According to the United States Department of Agriculture (USDA), maintaining the internal temperature is the best and the only authentic way to know if the chicken is completely cooked and fit to eat. 

That implies that all parts of the chicken should reach a minimum internal temperature of 165℉ before you start to eat.

In some cases, it means that a well-cooked chicken might still be a little rosy from the inside. As long as you measure the meat temperature with a cooking thermometer at multiple places and get a reading at or beyond 165 degrees Fahrenheit, a pink tint should not be a health concern.  

How do you know your chicken is cooked well?

A food thermometer is the only way to assure the chicken is prepared to a safe minimum internal temperature. If the temperature is at or beyond 165 degrees Fahrenheit, do not worry even if your chicken looks a little pink.

At this temperature, unhealthy food bacteria, such as Campylobacter and Salmonella, will be killed. When not killed, these bacteria can lead to severe illness or maybe death. 

The reason why chicken meat sometimes stays pink after thorough cooking

The colour of the meat is greatly affected by the age of the bird and the way it was raised.

The pink colour in the meat of thoroughly prepared chicken is especially prevalent in young birds. That is because the bones of younger varieties are more perforable than older chickens, which can let the bone marrow leak into the remaining meat and give it a pink colour. 

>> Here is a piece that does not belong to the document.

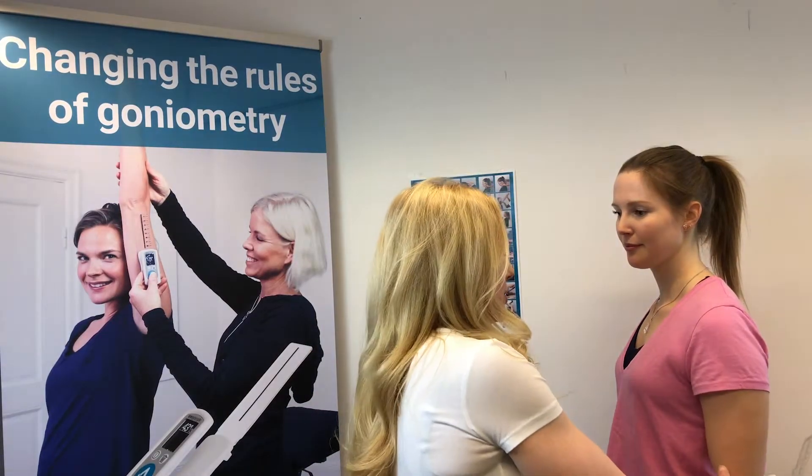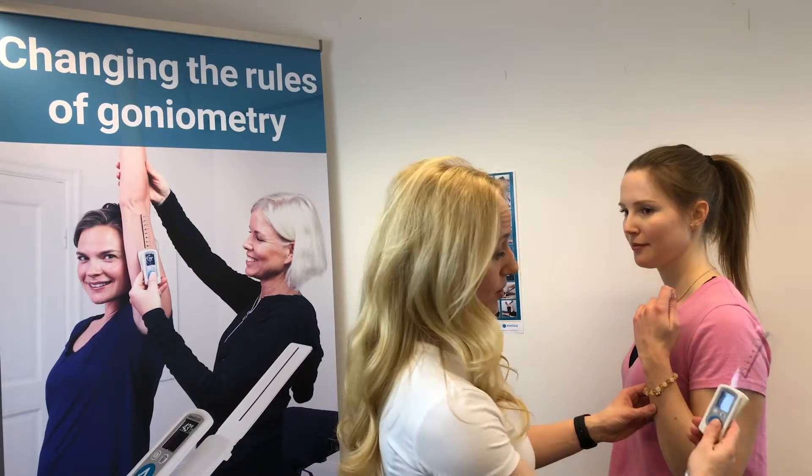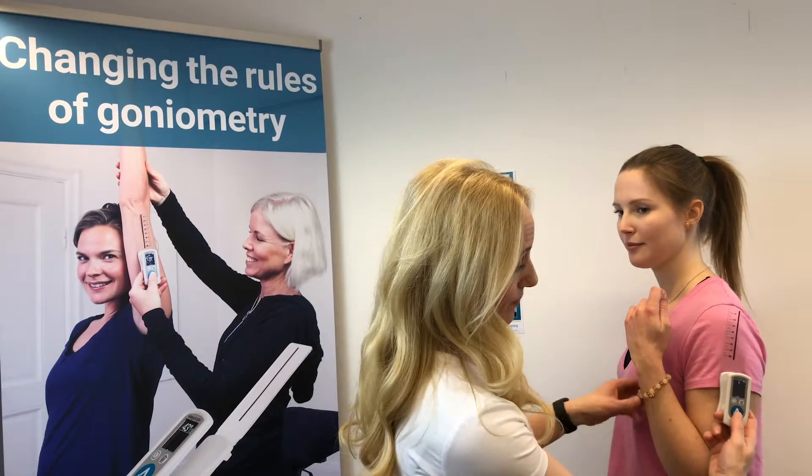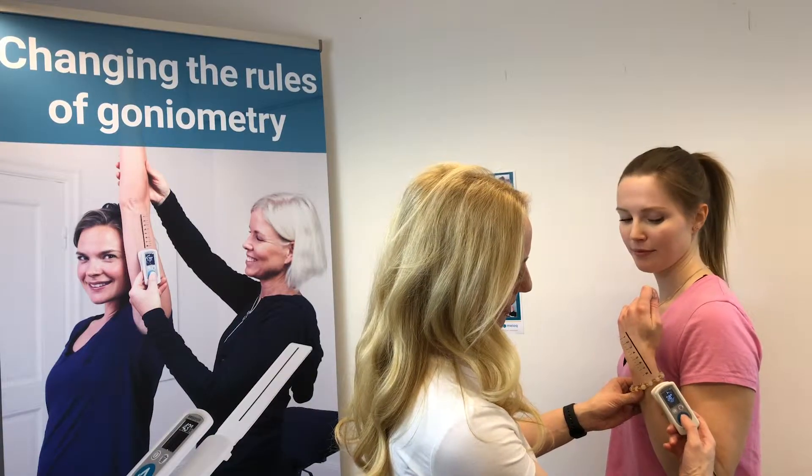We can take the patient into full flexion of their elbow. We're going to align the device with the upper part of the arm and bring it over to the lower part.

The haemoglobin in the tissues of the chicken can also create a heat-stable colour that remains even after the chick has been fully cooked.

A red or pink tint can also be caused by the diet consumed by the chicken, the way the meat was stored, and some cooking methods for instance grilling or smoking.

How to safely consume chicken 

Even though you might be okay with having pink chicken, it is still possible to get sick from consuming chicken that has not been accurately handled or stored.

The way you melt your chicken is crucial. You should never thaw chicken at room temperature or in hot water. This can cause the external layer of the chicken to reach between 40 and 140 ℉, which is considered a danger zone according to USDA, even if the core is still frozen. 

At temperatures warmer than 40 ℉, bacteria can reproduce rapidly making the chicken a place of potential pathogens.

Always make sure to wash your hands properly after handling raw chicken and never allow the raw chicken to come into contact with other cooking items. That implies that you should thoroughly clean cutting boards, utensils, and kitchen counters after you prepare chicken.

Lastly, do not partly cook or brown chicken to completely cook it later, as this can raise the temperature of the meat to unsafe values that may allow the growth of bacteria.

Conclusion

In this short article, we have provided an answer to the question, “Can you eat medium-rare chicken?” with an in-depth analysis of the chicken, harmful microorganisms present in chicken, the dangers of eating medium-rare chicken, and how to consume chicken safely.

References 

https://healthcare.utah.edu/healthfeed/postings/2017/08/raw-meat.php
https://www.vice.com/en/article/xymxzj/trolling-aside-is-it-actually-safe-to-eat-raw-chicken
https://www.insider.com/when-its-ok-to-eat-pink-chicken-2018-11
https://www.eatright.org/homefoodsafety/four-steps/cook/can-rare-meat-be-safe

Hi, I am Charlotte, I love cooking and in my previous life, I was a chef. I bring some of my experience to the recipes on this hub and answer your food questions.